• [Data to use]
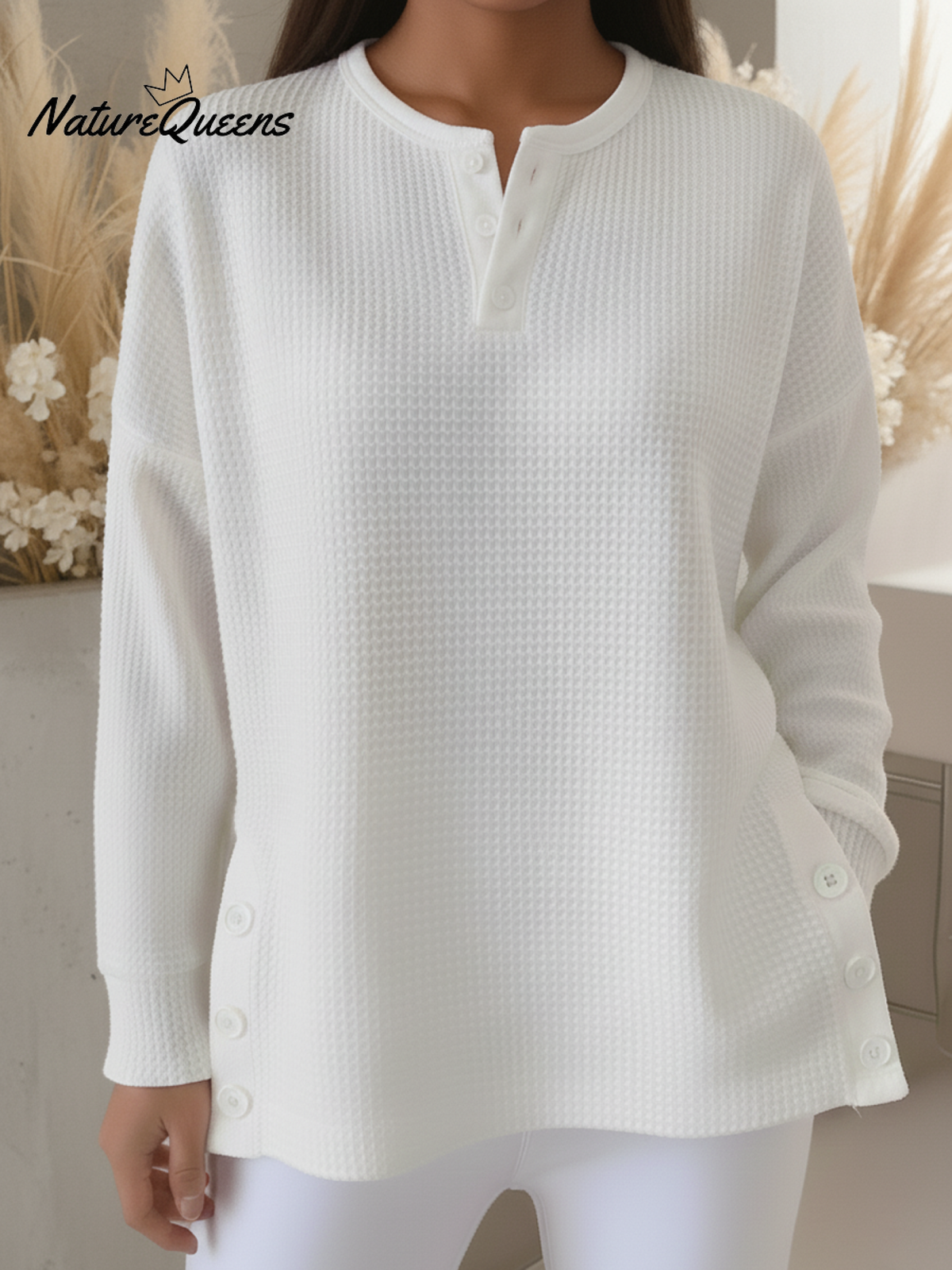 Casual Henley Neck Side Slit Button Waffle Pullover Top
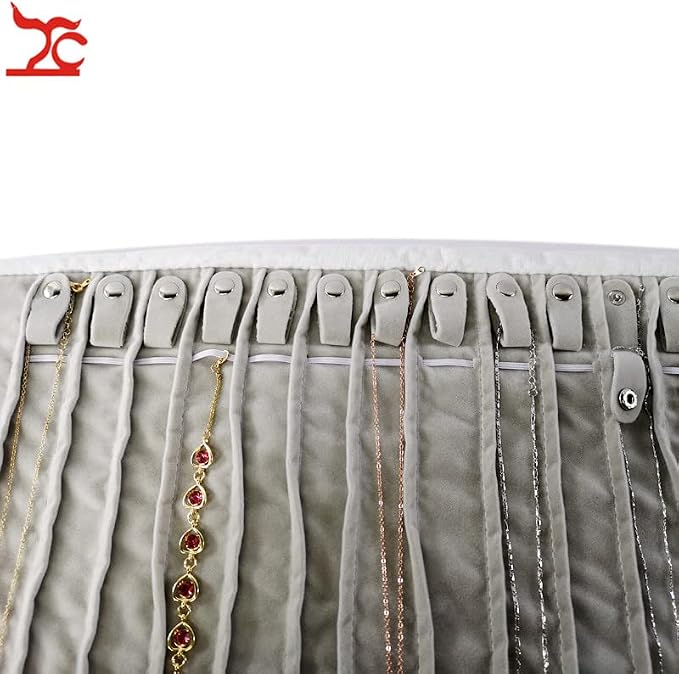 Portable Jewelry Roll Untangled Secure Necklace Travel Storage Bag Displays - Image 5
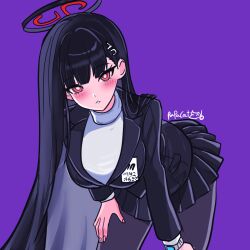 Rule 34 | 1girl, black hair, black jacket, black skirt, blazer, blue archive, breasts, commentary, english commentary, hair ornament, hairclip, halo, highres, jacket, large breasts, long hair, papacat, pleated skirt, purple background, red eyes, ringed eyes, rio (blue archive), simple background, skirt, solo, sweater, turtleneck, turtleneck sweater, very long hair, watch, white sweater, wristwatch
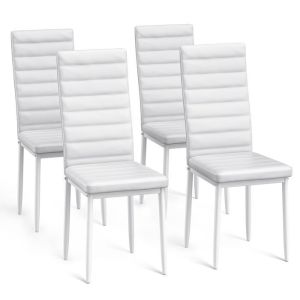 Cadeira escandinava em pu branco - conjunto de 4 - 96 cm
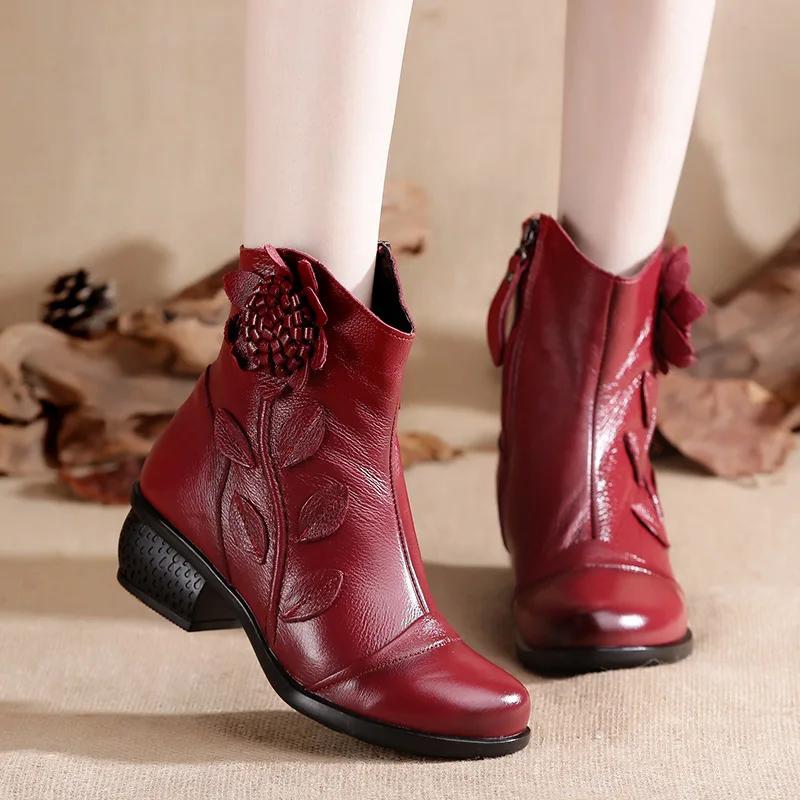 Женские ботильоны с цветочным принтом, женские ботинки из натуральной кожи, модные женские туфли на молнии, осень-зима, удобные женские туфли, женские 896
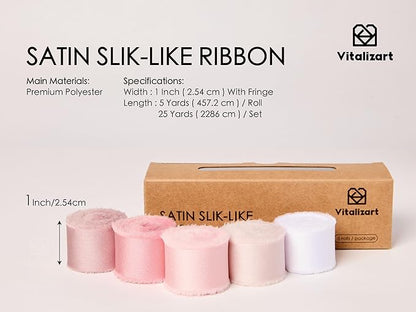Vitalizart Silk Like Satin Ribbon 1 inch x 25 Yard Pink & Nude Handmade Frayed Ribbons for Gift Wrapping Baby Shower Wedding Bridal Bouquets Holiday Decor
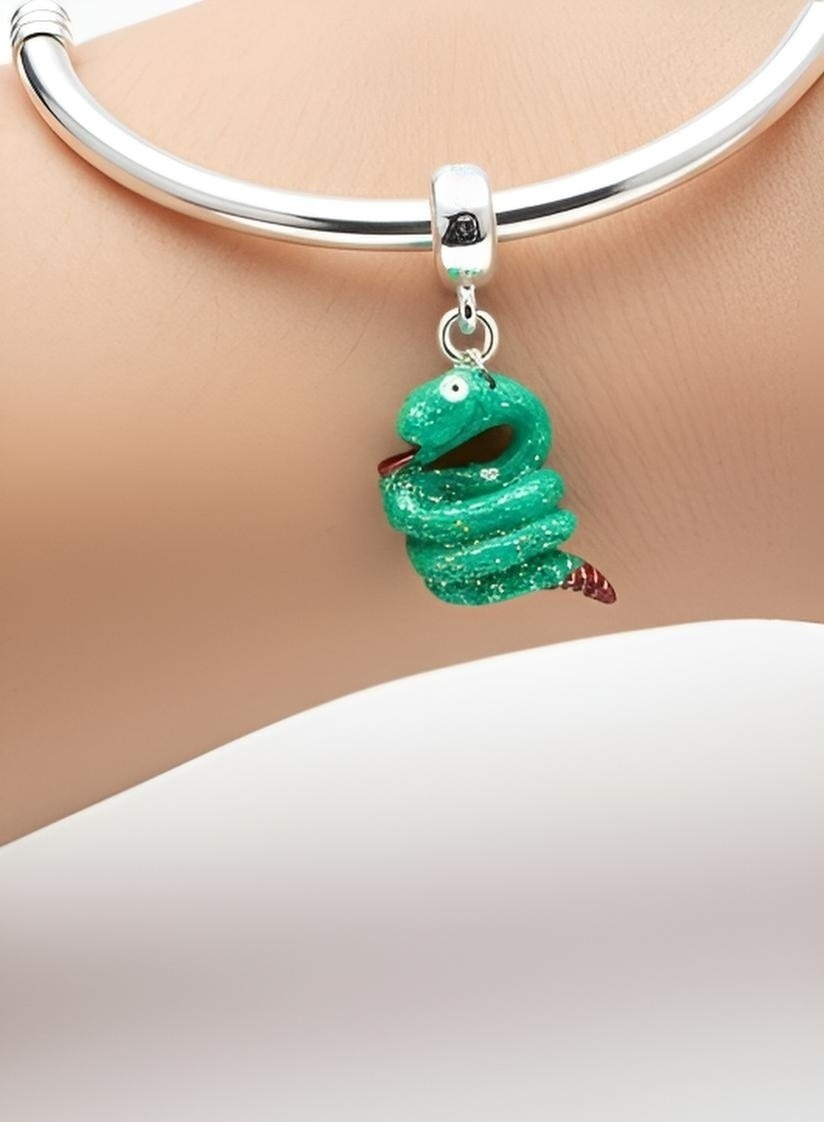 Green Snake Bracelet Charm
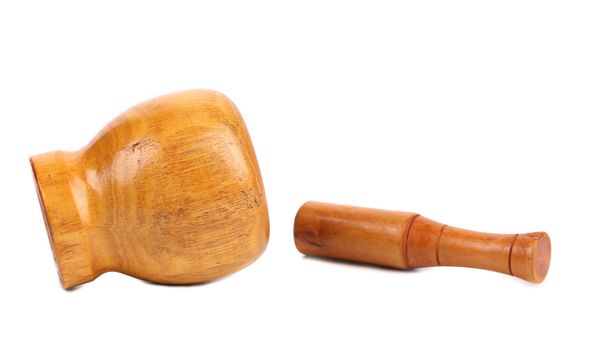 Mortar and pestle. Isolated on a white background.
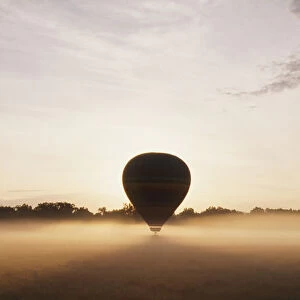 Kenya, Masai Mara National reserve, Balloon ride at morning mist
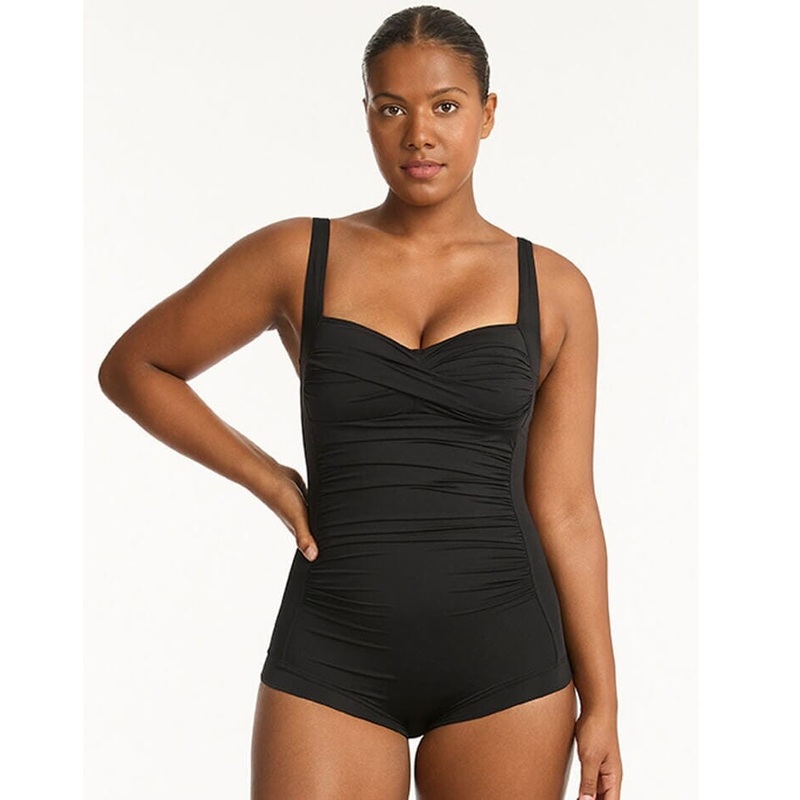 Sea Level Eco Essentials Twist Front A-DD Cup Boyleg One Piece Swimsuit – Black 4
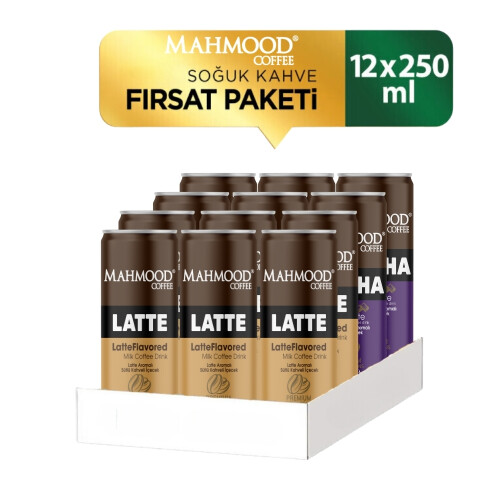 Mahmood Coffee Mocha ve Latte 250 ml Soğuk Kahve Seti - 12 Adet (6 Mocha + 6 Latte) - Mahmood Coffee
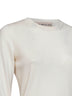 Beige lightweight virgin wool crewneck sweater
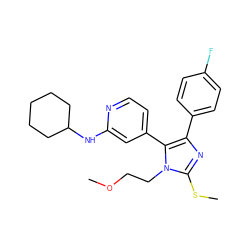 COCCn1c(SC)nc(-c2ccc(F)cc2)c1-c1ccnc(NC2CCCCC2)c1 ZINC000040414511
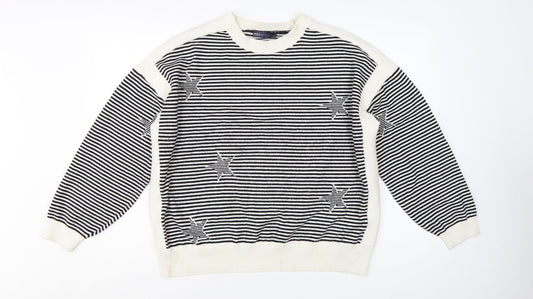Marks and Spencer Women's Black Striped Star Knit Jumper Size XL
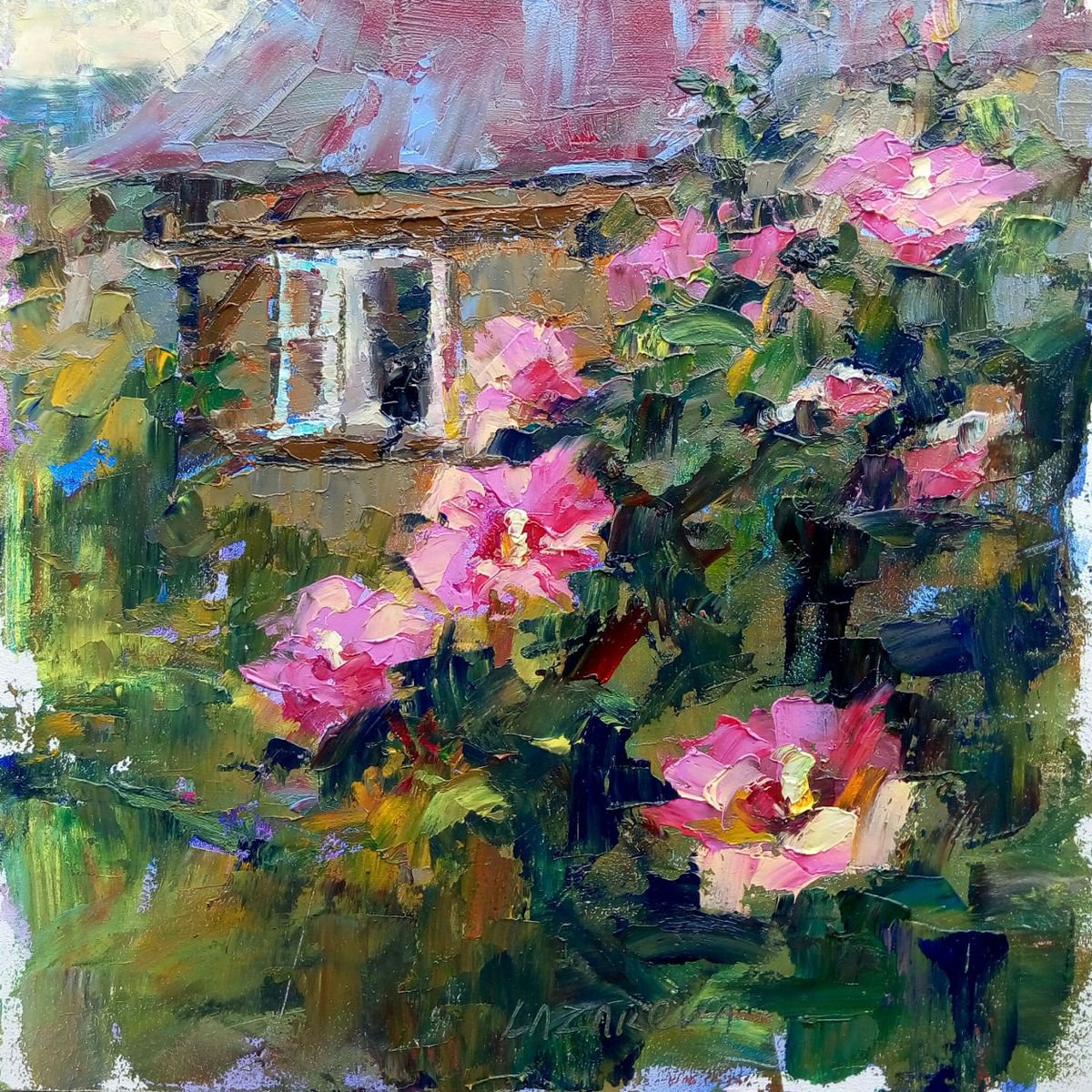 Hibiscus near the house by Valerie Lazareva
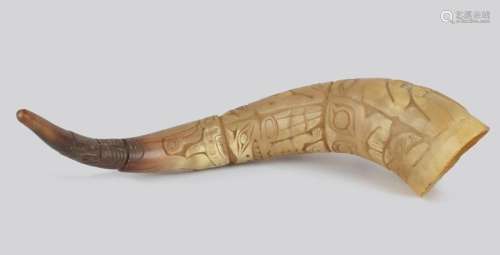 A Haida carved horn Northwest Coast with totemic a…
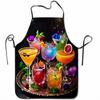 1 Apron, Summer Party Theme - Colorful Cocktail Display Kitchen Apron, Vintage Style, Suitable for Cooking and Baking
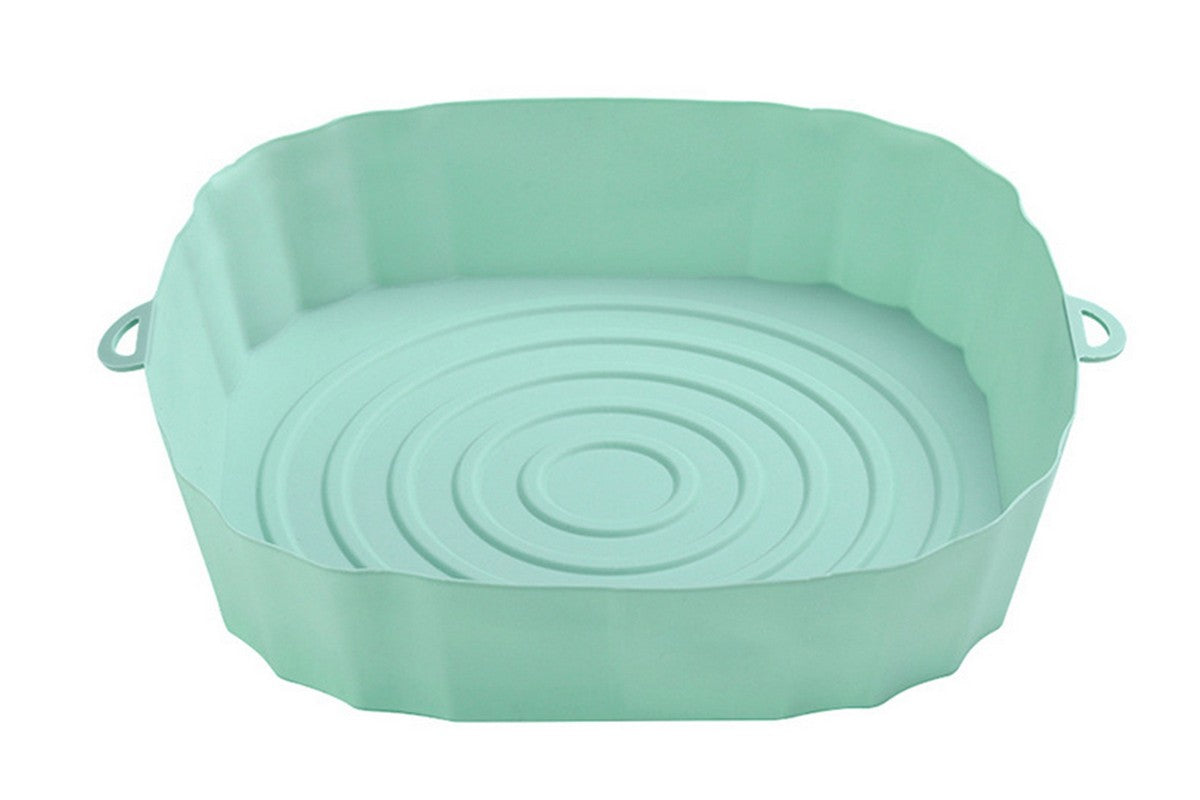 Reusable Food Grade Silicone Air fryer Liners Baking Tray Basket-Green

• [How to complete this task]
Starting at the line that holds "A Haida carved", reproduce each line through the last one of the listing, and nothing more; the pictures stay out.

• [Result for this exercise]
 A Haida carved horn Northwest Coast with totemic a…
 1 Apron, Summer Party Theme - Colorful Cocktail Display Kitchen Apron, Vintage Style, Suitable for Cooking and Baking
 Reusable Food Grade Silicone Air fryer Liners Baking Tray Basket-Green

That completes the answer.